Task objective
Omit all images, then repeat exactly the lines below from the one containing "Hey everyone, my" through the one containing "Bye friends! If", both ends included.

The records

- - - - - - -

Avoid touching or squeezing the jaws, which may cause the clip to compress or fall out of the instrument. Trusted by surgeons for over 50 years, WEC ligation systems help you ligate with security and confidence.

- - - - - - -

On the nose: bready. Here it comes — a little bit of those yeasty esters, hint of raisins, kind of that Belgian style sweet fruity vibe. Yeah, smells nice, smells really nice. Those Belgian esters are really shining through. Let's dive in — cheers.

- - - - - - -

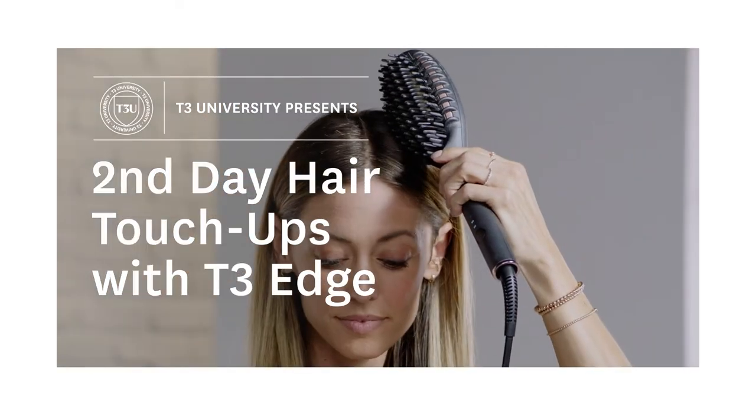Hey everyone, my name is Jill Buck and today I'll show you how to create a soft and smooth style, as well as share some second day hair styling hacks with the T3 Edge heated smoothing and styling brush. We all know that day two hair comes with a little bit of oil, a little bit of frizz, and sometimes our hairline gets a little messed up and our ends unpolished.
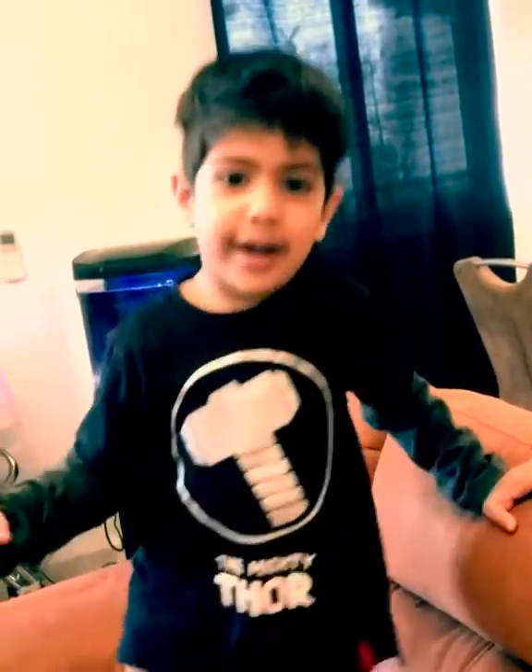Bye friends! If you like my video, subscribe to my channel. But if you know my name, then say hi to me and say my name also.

- - - - - - -

Task response
Hey everyone, my name is Jill Buck and today I'll show you how to create a soft and smooth style, as well as share some second day hair styling hacks with the T3 Edge heated smoothing and styling brush. We all know that day two hair comes with a little bit of oil, a little bit of frizz, and sometimes our hairline gets a little messed up and our ends unpolished.
Bye friends! If you like my video, subscribe to my channel. But if you know my name, then say hi to me and say my name also.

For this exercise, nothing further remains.